In my previous post, I talked about how a holy God still uses, indeed privileges, messed-up people to serve Him. In this second and last part of the series, I explore the theological foundations of such a paradox.
So, why do I say that in the context of worship ministry, our qualifications for those who serve should be musical skill and good attitude, rather than personal holiness? (I am not saying of course that people shouldn’t grow in holiness. We should! – because it is a sign of an ever-growing relationship with God).
The first thing we need to understand is the role of a priest. In the Bible, a prophet is someone who is God’s mouthpiece. He represents God to His people, to give direction, comfort or correction. A priest, on the other hand, represents the people before God.
Hebrews 5:1 says:
Every high priest is selected from among men and is appointed to represent them in matters related to God, to offer gifts and sacrifices for sin.
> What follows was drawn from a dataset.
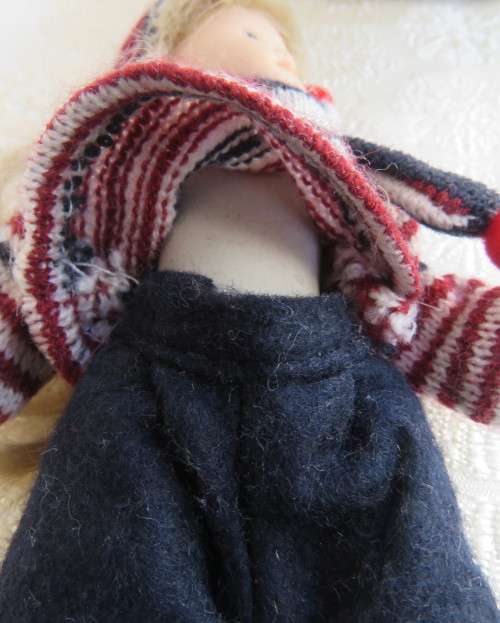 Antique doll 16cm tall with clothing. See scans. Very good condition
This is why in Old Testament times, how Israel fared as a nation was dependent on the quality of her high priest. If the high priest was good, then the nation was blessed. If the high priest was bad, then Israel suffered the consequences.
Obviously, no high priest was ever perfect. The writer of Hebrews goes on to say that the high priest himself was subject to weakness and so had to offer sacrifices for his own sin as well as the sin of the people (verse 3).
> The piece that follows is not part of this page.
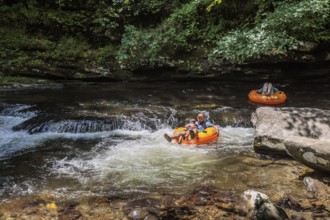 Visitors tubing down Deep Creek in the Smoky Mountains near Bryson City, North Carolina, USA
Thankfully, we now have a High Priest who is incorruptible, who lived a perfect life and now sits at the right hand of God. He is a High Priest, not of the order of Aaron, but of the order of Melchizedek; who did not inherit the lifeblood of Adam’s line but who was beyond and before Adam. This priest, the writer says is (in Chapter 7, verse 16):
one who has become a priest not on the basis of a regulation as to his ancestry but on the basis of the power of an indestructible life.
So, as Jesus is, so are we in this world (1 Jn 4:17). In other words, just as Jesus is perfectly righteous, so are we seen as righteous by God in this world. What a reassuring thought!
This was actually foreshadowed when the law was instituted in the book of Exodus. There is much to be said about the significance of God’s design of the high priest’s garments (which we won’t have space to cover). But in relation to the headpiece, God gave these directions (Exodus 28:36-38):
Make a plate of pure gold and engrave on it as on a seal: HOLY TO THE LORD. Fasten a blue cord to it to attach it to the turban; it is to be on the front of the turban. It will be on Aaron’s forehead, and he will bear the guilt involved in the sacred gifts the Israelites consecrate, whatever their gifts may be. It will be on Aaron’s forehead continually so that they will be acceptable to the Lord.
Notice this: the gold plate on Aaron’s forehead has the words “Holy to the Lord” engraved, not written, on it. Engraving speaks of permanence. It cannot be erased or be taken to with liquid paper. This means that God’s standard of holiness is eternal and uncompromising. But, as Aaron brings the gifts of the people before God, God sees the mark of holiness on Aaron (it is “on Aaron’s forehead continually”). As a result, the priest absorbs the guilt of the people and the gifts are acceptable to the Lord.
At the end of the day, the gifts of the people aren’t holy and acceptable because the people were holy, it was because God saw the gifts through the high priest.
So today, as a musician, preacher, usher, connect group leader, event organiser, church barista, finance guru, rubbish-picker – the efficacy of your offering has nothing to do with how good you are. They are acceptable to God, and efficacious, because they go through our High Priest, Jesus, the only high priest who is forever perfect and righteous! This should give you the confidence to serve God no matter how you might feel about yourself, or what others might say about you. See yourself as God sees you; put your gifts (whatever they may be) in His hands; and let Him use them for His glory!